San Jose Mercury
From the article:
Rising prices pushed thousands of Bay Area homes back above water last year, according to a report released Wednesday, another sign that the region's housing crisis is easing as the economy recovers.
The report, by the housing website Zillow, shows drops across the region in the number of homes that are underwater -- worth less than the value of their mortgages.
More than 56,826 homes bobbed back above water across seven counties of the Bay Area in 2012, Zillow reported. That still leaves 205,986 homes with a total negative equity of $31.5 billion. And that negative equity is keeping thousands of homes off the market, forcing buyers to compete for whatever comes up for sale.

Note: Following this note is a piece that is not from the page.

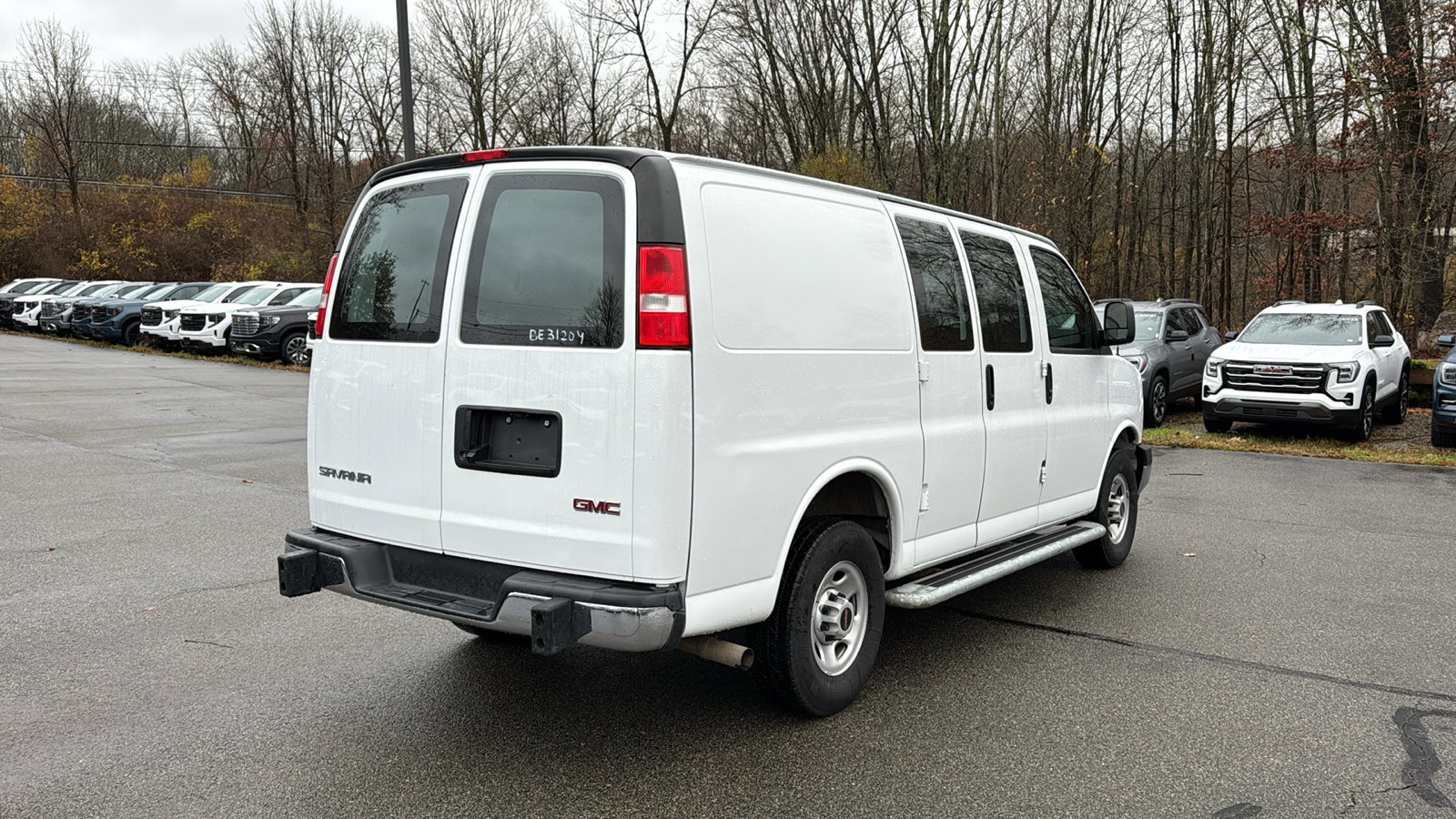 Used 2024 GMC Savana 2500 w/ Driver Convenience Package image 4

A dozen wealthy Silicon Valley and Peninsula communities from Belmont to Los Gatos have already returned to pre-crash home prices, the company said. Zillow is forecasting continued growth in prices this year, followed by a leveling off in 2014. The company uses a proprietary formula to calculate home values.
In the last three months of 2012, a little more than one-third of Contra Costa County's homes that had mortgages were underwater, Zillow reported. That was down from 41.3 percent a year earlier. The figure for Alameda County was 25.4 percent, down from 31 percent a year earlier, while Santa Clara dropped to 15 percent from 22 percent in the fourth quarter of 2011.